CMOC Communication Templates
Initial Status Update Template
## Incident #[number] - [title]
**Status:** In Progress
**Severity:** [SEV1/SEV2/SEV3]
**Time Detected:** [YYYY-MM-DD HH:MM UTC]
### Issue Summary
[Brief description of the issue - 1-2 sentences]
### Customer Impact
- Systems/services affected: [list affected services]
- Impact type: [complete outage/degraded performance/feature unavailability]
- Estimated affected customers: [number/percentage if known]
### Current Actions
- [Bullet points of what the team is currently doing]
### Next Update
Next status update expected by [time] UTC
Regular Status Update Template
## Incident #[number] - [title] - UPDATE #[X]
**Status:** In Progress
**Severity:** [SEV1/SEV2/SEV3]
**Time Detected:** [YYYY-MM-DD HH:MM UTC]
**Last Updated:** [YYYY-MM-DD HH:MM UTC]
### Current Status
[Brief description of the current state - 1-2 sentences]
### Progress Since Last Update
- [Bullet points of actions taken and progress made]
### Ongoing Customer Impact
- [Updated impact assessment]
- Current ticket volume: [number]
- Notable patterns: [describe any patterns in customer reports]
### Next Steps
- [Bullet points of planned actions]
### Next Update
Next status update expected by [time] UTC
Resolution Update Template
## Incident #[number] - [title] - RESOLVED
**Status:** Resolved
**Severity:** [SEV1/SEV2/SEV3]
**Time Detected:** [YYYY-MM-DD HH:MM UTC]
**Time Resolved:** [YYYY-MM-DD HH:MM UTC]
**Duration:** [X hours Y minutes]
### Resolution Summary
[Brief description of how the issue was resolved]
### Final Impact Assessment
- Systems/services affected: [list affected services]
- Total customers impacted: [number/percentage if known]
- Total tickets received: [number]
### Follow-up Actions
- [Any post-incident actions customers should take]
- [Any monitoring customers should perform]
### Additional Information
A full post-incident review will be conducted and findings shared as appropriate.
For any additional questions, please contact support referencing Incident #[number].
Regional Handoff Template
## Incident #[number] - [title] - HANDOFF
**Status:** In Progress
**Current Region:** [EMEA/AMER/APAC]
**Handoff To:** [EMEA/AMER/APAC]
**Handoff Time:** [YYYY-MM-DD HH:MM UTC]
### Current Situation
[Brief summary of current status - 2-3 sentences]
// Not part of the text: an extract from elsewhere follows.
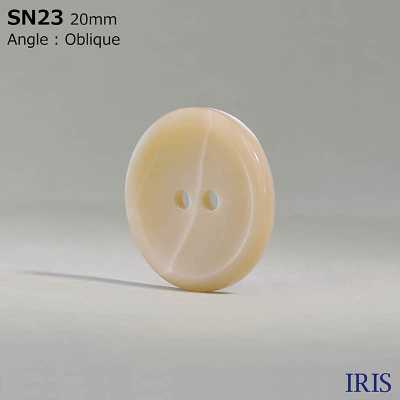 SN23 천연 소재 다카세 조개 2 구멍 윤기있는 단추 IRIS 서브 사진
### Customer Impact Status
- Active tickets: [number]
- Pending responses: [number]
- Escalated issues: [number]
### Communication Status
- Last status.io update: [time] UTC
- Next scheduled update: [time] UTC
- Draft status update: [link or text]
### Priority Actions for Next Shift
1. [Most important action]
2. [Second priority action]
3. [Additional actions as needed]
### Key Stakeholders
- [List of key contacts involved]
### Handoff Acknowledgement
Please acknowledge receipt of this handoff in the incident channel.
SMOC Communication Templates
Support Resource Allocation Template
## Incident #[number] - [title] - SUPPORT RESOURCES
**Status:** In Progress
**Time:** [YYYY-MM-DD HH:MM UTC]
**Resource Request Type:** [Initial/Update/Release]
### Current Support Load
- Active incident-related tickets: [number]
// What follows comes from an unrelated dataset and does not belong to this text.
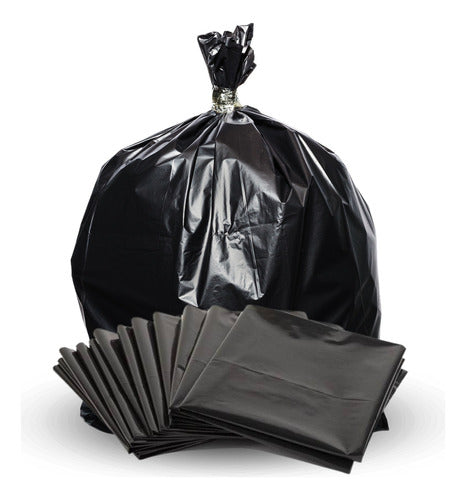 AntePlast 300 Ultra Reinforced Garbage Bags 90x110 Black 45 Microns 0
- Current response time: [time]
- Queue health status: [Healthy/Strained/Critical]
### Resource Allocation
- AMER: [X] engineers allocated to incident
- EMEA: [X] engineers allocated to incident
- APAC: [X] engineers allocated to incident
### Priority Guidelines
1. [Top priority issue type]
2. [Second priority issue type]
3. [Standard handling for other issues]
### Special Handling Instructions
- [Any special routing or handling instructions]
- [Any customer-specific considerations]
### Actions Needed
- [Team leads]: [specific action requested]
- [Regional managers]: [specific action requested]
- [Other stakeholders]: [specific action requested]
### Duration Estimate
This resource allocation is expected to remain in place for approximately [time period].
Customer Impact Report Template
## Incident #[number] - [title] - CUSTOMER IMPACT REPORT
**Status:** [In Progress/Resolved]
**Time:** [YYYY-MM-DD HH:MM UTC]
### Impact Summary
[Brief description of customer impact - 2-3 sentences]
### Impact Metrics
- Total customers reporting issues: [number]
- Percentage of customer base: [estimated percentage]
- Geographic distribution: [regions affected]
- Customer segments affected: [Enterprise/SMB/Personal]
### Common Issues Reported
1. [Most common issue] - [X] reports
2. [Second most common issue] - [X] reports
3. [Third most common issue] - [X] reports
### Customer Sentiment
- Current CSAT trending: [Stable/Declining/Improving]
- Notable customer concerns: [list major themes]
### Recommended Actions
- [Technical team]: [recommended action]
- [Communications team]: [recommended action]
- [Customer success]: [recommended action]
### Additional Information
[Any other relevant details about customer impact]
CMOC Activation Template
## Incident #[number] - [title] - CMOC ACTIVATION
**Status:** In Progress
**Activation Time:** [YYYY-MM-DD HH:MM UTC]
**Requested By:** [Name/Role]
### Activation Criteria Met
- [List specific criteria that triggered activation]
### Current Support Status
- Active tickets: [number]
- Affected customers: [number/types]
- Current response time: [time]
### Initial CMOC Actions
1. [First immediate action]
2. [Second immediate action]
3. [Ongoing monitoring focus]
### Resource Requirements
- Personnel needed: [specific roles/numbers]
- Tools/access needed: [specific requirements]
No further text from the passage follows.